Malheureusement, et malgré de bonnes performances, Nightmare Alley perd sur la durée en comparaison de l’adaptation de Goulding. Certaines séquences sont remises à niveau, et parfaitement mises en scène, quitte à ajouter de nouveaux éléments (détecteur de mensonges, scènes avec la psychologue) mais sont souvent moins efficaces. Bradley Cooper incarne très bien ce personnage aux grandes espérances, mais il faut dire que l’interprétation de Tyrone Power reste davantage en tête en fin de compte. Cependant, il faut souligner l’intelligence d’avoir su terminer le long-métrage, non pas sur un faux-happy ending (Goulding) mais l’accomplissement d’une tragédie du « hanged man » retranscrite plus tôt par le tarot.  L’issue est fatale, sans échappatoire, mais Stanton n’est que le malheureux premier à sombrer. Les autres, trouveront leur sort quand l’avenir le leur réservera.

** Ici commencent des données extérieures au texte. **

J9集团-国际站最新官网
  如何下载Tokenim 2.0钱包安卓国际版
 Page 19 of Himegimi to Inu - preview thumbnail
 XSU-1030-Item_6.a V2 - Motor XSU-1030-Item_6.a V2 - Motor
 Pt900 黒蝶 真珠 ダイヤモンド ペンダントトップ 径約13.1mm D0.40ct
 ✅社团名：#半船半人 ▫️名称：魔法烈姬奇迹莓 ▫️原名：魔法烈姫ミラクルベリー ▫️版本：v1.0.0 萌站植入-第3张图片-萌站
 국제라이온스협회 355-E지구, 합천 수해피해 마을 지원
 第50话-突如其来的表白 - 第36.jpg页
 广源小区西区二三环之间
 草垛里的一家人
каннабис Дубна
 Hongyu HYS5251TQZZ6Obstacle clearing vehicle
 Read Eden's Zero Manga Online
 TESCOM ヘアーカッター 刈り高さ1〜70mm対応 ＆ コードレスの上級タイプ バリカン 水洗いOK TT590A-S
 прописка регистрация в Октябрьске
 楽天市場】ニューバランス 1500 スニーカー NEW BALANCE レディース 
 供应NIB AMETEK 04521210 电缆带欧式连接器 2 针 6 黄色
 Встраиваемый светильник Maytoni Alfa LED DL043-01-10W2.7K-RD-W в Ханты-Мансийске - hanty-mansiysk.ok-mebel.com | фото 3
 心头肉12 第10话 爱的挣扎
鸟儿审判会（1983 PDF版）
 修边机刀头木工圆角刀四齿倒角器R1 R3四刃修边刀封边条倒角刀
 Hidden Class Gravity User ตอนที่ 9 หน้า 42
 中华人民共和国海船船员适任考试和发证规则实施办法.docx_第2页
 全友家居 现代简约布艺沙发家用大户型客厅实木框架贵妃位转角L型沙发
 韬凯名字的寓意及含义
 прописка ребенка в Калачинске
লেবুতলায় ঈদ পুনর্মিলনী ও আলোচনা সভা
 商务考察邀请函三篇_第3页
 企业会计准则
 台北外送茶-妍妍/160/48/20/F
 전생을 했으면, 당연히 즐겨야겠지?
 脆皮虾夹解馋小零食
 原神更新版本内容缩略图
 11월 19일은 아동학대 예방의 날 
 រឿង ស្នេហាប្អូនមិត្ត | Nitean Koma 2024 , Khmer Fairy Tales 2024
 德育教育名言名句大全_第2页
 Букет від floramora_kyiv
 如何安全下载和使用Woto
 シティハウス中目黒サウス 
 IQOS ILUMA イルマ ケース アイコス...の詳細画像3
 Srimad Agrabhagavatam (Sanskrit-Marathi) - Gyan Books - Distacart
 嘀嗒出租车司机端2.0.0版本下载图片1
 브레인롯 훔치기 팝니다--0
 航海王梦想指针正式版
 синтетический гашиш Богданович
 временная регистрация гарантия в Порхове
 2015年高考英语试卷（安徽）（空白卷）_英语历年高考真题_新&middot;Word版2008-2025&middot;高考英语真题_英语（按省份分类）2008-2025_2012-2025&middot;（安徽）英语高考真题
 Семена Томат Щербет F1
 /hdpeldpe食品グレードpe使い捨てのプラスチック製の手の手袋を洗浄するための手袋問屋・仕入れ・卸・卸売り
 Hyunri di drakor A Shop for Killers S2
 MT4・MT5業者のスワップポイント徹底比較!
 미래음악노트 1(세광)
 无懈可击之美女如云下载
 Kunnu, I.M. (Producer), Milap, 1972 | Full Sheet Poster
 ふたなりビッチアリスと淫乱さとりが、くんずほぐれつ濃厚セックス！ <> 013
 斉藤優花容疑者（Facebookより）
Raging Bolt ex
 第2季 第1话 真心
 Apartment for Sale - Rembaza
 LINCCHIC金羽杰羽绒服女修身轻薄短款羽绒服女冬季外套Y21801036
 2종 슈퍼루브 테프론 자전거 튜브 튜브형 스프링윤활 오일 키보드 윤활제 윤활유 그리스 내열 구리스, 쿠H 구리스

Nightmare Alley est un beau morceau de cinéma composé par Guillermo Del Toro, rendant hommage au film noir. Malgré ses quelques longueurs, le long-métrage témoigne d’une habileté à jongler entre la déchéance d’un homme et celle d’une mascarade de cirque perpétuée de jour en jour. Les véritables monstres sont ceux qui jouent des sentiments des autres, la difformité restant de toute manière propre à tout individu. C’est une adaptation plus que respectable, indéniablement à découvrir en salles.

Note : 3.5 sur 5.

Nightmare Alley, au cinéma le 19 janvier.